Doctors: What’s next after houseman contracts end?

doctorPETALING JAYA: A government scheme to employ medical graduates as contract housemen has received a cautious welcome, with questions arising about the housemen’s fate when the contracts expire.

Malaysian Medical Association secretary Koh Kar Chai said in a text message to FMT that medical graduates employed on contract could get the necessary training to mould them into healthcare professionals.

However he asked what would happen after the contracts expired.

Senior physician Dr Ahmad Faizal Perdous shared the same sentiment. “Before we forget, let us remind ourselves that this is a short term move to ease the oversupply of medical graduates,” he told FMT.

However there was no guarantee that contract housemen could continue in service, unlike those who are training under the Health Ministry.

Dr Faizal called for medium-term and long-term plans to solve the oversupply of medical graduates.

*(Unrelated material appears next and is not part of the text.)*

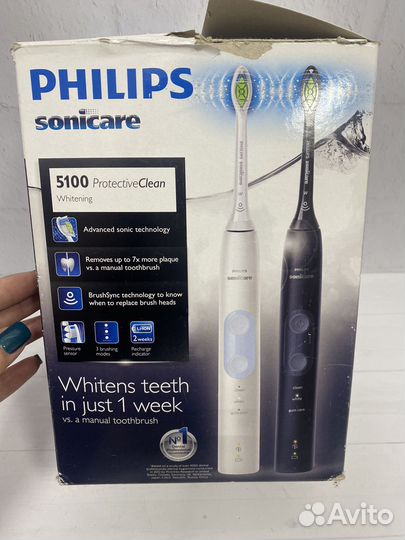 Электрическая зубная щетка oral b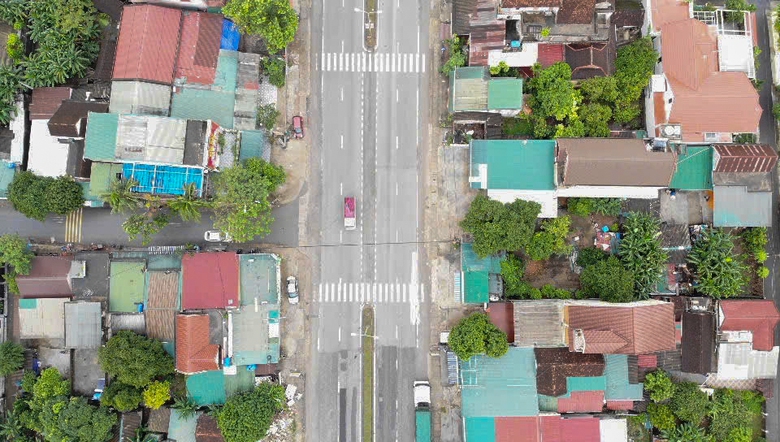 Nghệ An: Bất cập giao th&ocirc;ng ở ng&atilde; ba chợ Sy Nam tr&ecirc;n QL1, tai nạn r&igrave;nh rập người đi đường- Ảnh 5.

“It would be a waste for the students taking five years to complete their degree and in the end they cannot find jobs,” he said.

As for the government’s introduction of a new Grade 56 in the civil service salary scheme, Dr Koh saw it as a stop-gap measure to retain professionals in service.

“Some feel it might delay the promotion process when they could make the jump straight to Jusa C category,” he said. Jusa C is a high-ranking category for such positions as specialist doctors and hospital deputy directors.

Dr Faizal said the new Grade 56 should not be a glass ceiling for medical servants to move up to Jusa C.

“This should not be the reason to restrict eligible candidates to move up in the ranks,” he said.

Prime Minister Najib Razak said the new Grade 56 was introduced to retain specialist doctors in the public healthcare. He also announced that from December, approximately 2,600 graduates who cannot find housemanship placement, can now work at a hospital on a contract basis.